2024年02月18日
本文:マルコの福音書 14章35-36節
ゲツセマネはオリーブ山という小高い丘にありました。主(しゅ)イエスはここで十字架をお引き受けになる前の最後の祈りを神様に捧げました。その凄絶な祈りの格闘を福音書の記者たちは記録しています。
主イエスの働きにおいて重要な2つの場所がありました。一つは会堂、もう一つはオリーブ山でした。特にイエスはいつもオリーブ山で神の国を教え、祈りました(ルカ22:39)。そしてゲツセマネはオリーブから油をしぼる所です。オリーブ山にはオリーブの木がたくさん植えられていて、イスラエル人はその実を搾って油を採りました。
私たちはイエスを「イエス・キリスト」と言います。キリストはギリシャ語で「油注がれた者」という意味です。ヘブル語では「メシア」です。イスラエル人は王位を継ぐ人物を選ぶと、その人の頭に油を注ぐ儀式を行って王を任命しました。
神の御子、主イエスのご生涯で、この方に油を注いだ人がいたでしょうか。バプテスマのヨハネは処刑された後、主イエスの弟子たちが油を注ぐべきでした。しかし、イエス様はご生涯において人々からキリストとして油注がれることはありませんでした。弟子たちも、主イエスが十字架につけられて死なれ復活された後になって、主イエスこそまことにキリストであることを悟りました。
主イエスはゲツセマネで、できることならこの杯を自分から取り去ってくださるようにと神様に祈りました。神を信じて生きるからといって良いことだけがあるのではありません。すべてが輝かしい栄光としてやってくるのではありません。試練にあって動揺しない人は一人もいません。信仰の道は涙なしに歩めません。恐れや不安のない人はいません。ゲツセマネでひれ伏して祈る主イエスの姿は、私たちの慰めではないでしょうか。私たちの主は、とても弱い姿をしておられる方です。十字架刑は恐ろしい刑罰であり、苦しみもがきながら命を奪われる残酷な処刑方法です。主イエスは、簡単に十字架の苦痛に打ち勝てるかのようには言いませんでした。かえって大きな叫び声と涙をもって神に祈りました。(ヘブル人への手紙5章7節)
「父よ、あなたは何でもおできになります。どうか、この杯をわたしから取り去ってください。」
とても人間的で、美しい祈りではありませんか。私たちはこの祈りを愛さずにはいられません。しかし、祈りはそれで終わりではありませんでした。

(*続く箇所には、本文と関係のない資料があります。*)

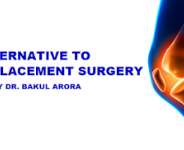 Unique Alternative To Knee Replacement Surgery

「わたしの望むことではなく、あなたがお望みになることが行われますように。」
恐れ、悲しみ、悩み、涙、その全てを服従させ、神に捧げました。ピリピ人への手紙2章でパウロが、主イエスは死にまでも従われたと述べた通りです。人間にとって最も克服しがたい死の力に対峙し、最後まで神様の御心に従いました。ゲツセマネの祈りが私たちに語りかける最大のメッセージ、それは「神様への服従」です。
イエス様を信じて救われてからも、私たちは心を乱すことがあります。人生には多くの問題があります。恐れ、おののき、涙、苦痛があります。しかし、その時に私たちは、主イエスが歩まれた道を思い起こすのです。その道は、神の前にひれ伏して祈り、全ての人間的な思いを服従させ、お一人で立ち上がって引き受けてゆかれた道でした。
キリスト教の象徴は、痩せ細り、鞭打たれ、いばらの冠をかぶったイエス様です。人に慕われるような姿はなく、かえって人々に疎まれて見放され、軽蔑されました。しかし、キリストは苦難を愛しました。キリスト教は、痛みと苦難の意味を理解する宗教です。